# PROBLEM TO WORK ON:
Leave out every picture, then transcribe the rest of the listing exactly.

# COLLECTED MATERIAL:
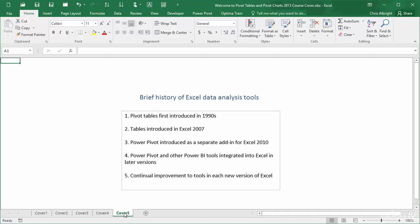In summary, Microsoft is obviously well aware of the importance of data analysis in today's business world, and it will undoubtedly continue to improve its pivot tables and other data analysis tools in future versions of Excel. By learning these tools now, you will be able to keep up with these future improvements.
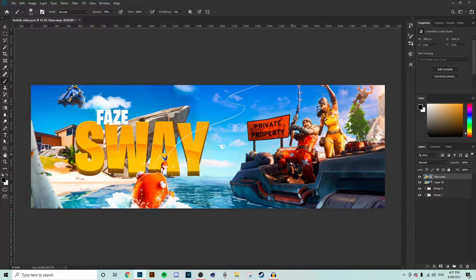What is going on everybody? Welcome back to a brand new video. In today's video we're going to be doing a Fortnite header tutorial, or banner tutorial, whatever you guys want to call it. I have a banner that I've already pre-made — I never posted this on Twitter or anything, I just made this as an example. We're going to recreate this header step-by-step. If you guys enjoy this video, make sure to leave a like and a comment. Without further ado, let's get straight into it.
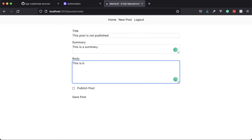Users can create comments and delete comments they themselves created. Moderators can create and delete any comments, essentially moderating the comment section. Editors can create comments and delete their own comments, and additionally they can create posts and edit and delete posts they themselves created. Administrators are going to be able to do anything within the application.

# OUTPUT FOR THIS EXERCISE:
In summary, Microsoft is obviously well aware of the importance of data analysis in today's business world, and it will undoubtedly continue to improve its pivot tables and other data analysis tools in future versions of Excel. By learning these tools now, you will be able to keep up with these future improvements.
What is going on everybody? Welcome back to a brand new video. In today's video we're going to be doing a Fortnite header tutorial, or banner tutorial, whatever you guys want to call it. I have a banner that I've already pre-made — I never posted this on Twitter or anything, I just made this as an example. We're going to recreate this header step-by-step. If you guys enjoy this video, make sure to leave a like and a comment. Without further ado, let's get straight into it.
Users can create comments and delete comments they themselves created. Moderators can create and delete any comments, essentially moderating the comment section. Editors can create comments and delete their own comments, and additionally they can create posts and edit and delete posts they themselves created. Administrators are going to be able to do anything within the application.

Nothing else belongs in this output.